Anyone on board an aircraft must either be a member of the crew or a passenger. In order to be a member of the flight crew a person must hold an appropriate licence. There are however certain exceptions to this, for example, it is allowed that someone without a licence to act as a member of the flight crew where they are obtaining instruction in flying from a flying instructor on board the aircraft (i.e. the typical dual instruction flight). Therefore, if the person under instruction either has an appropriate licence or comes under the exception, they are considered to be a crew member, if not they are considered to be a passenger.

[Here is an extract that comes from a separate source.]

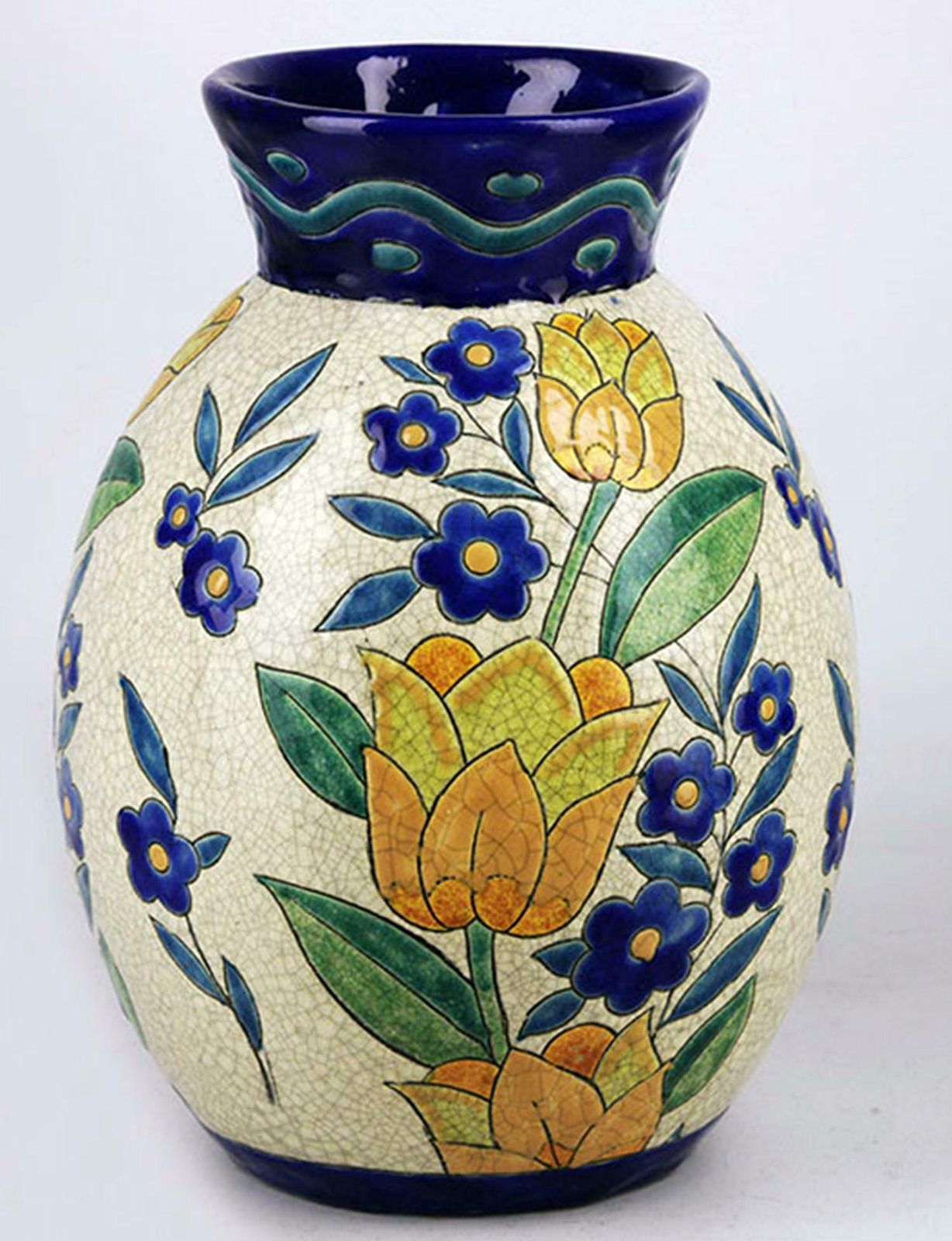 Art Déco Belgian Glazed Pottery/Ceramic Charles Catteau Like Vase By Boch Freres Keramis photo furniture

What is the standard claim procedure?
There is no specific step by step procedure and it will depend on the gravity of the claim e.g. minor aircraft hull damage only vs. aircraft crash involving death of passengers and third parties. However, we may share general claim guidelines as follows:-
1. You must give notice as soon as reasonably practicable of any claim or potential claim or occurrence, incident or circumstance likely to give rise to a claim under your policy. Usually in this time and age, within 24 hours is the practice. Preliminary details should include aircraft, registration number, place of loss, general description of damage, photos and site contact personnel details.
2. Provide full particulars in writing of such claim or potential claim or occurrence, incident or circumstance likely to give rise to a claim, and immediately forward any letters or documents relating thereto comprising of all log books and other records in connection with the aircraft.
3. For expected liability claims, give notice of any impending prosecution.
4. Render such further information and assistance as the insurer may reasonably require.
5. Not act in any way to the detriment or prejudice of the interests of the insurer.
6. Not make any admission of liability or payment or offer or promise of payment without the written consent of the insurer.
In the event of theft which is likely to give rise to a claim under your policy, you must also report details to the police as soon as is reasonably practicable and provide a copy of the official police report / crime number to the insurer at the time of claim.
In addition to the above guidelines, an adjuster and/or lawyer would be appointed to be agreed by the insurer to assist you in case of a claim.
What are the required claim documents?
Basic claim documents, as applicable, are as follows:-
- Incident Report
- Aircraft Certificate of Registration
- Aircraft Certificate of Airworthiness
- Aircraft Certificate of Maintenance Release
- Aircraft Maintenance Logbook
- Aircraft Engine Logbook (each engine for modular models)
- Pilot License
- Pilot Logbook
- Pilot Latest Medical Certificate
- Passenger Manifest
- Cargo Manifest
- Loadsheet/Weight and Balance Sheet
- Weather Report (en route and at arrival)
- Last entry from Technical Log
- Passenger Demand Letters
- Aircraft Lease Agreement
Underwriters may request for more documents depending on the type and gravity of the accident, as needed.
Do you offer Loss of Licence insurance (LOL) for individual pilots?
Yes we can offer Loss of Licence insurance (LOL) for individual pilots if you meet the criteria. Please see our Individual Loss of Licence Insurance page for more details.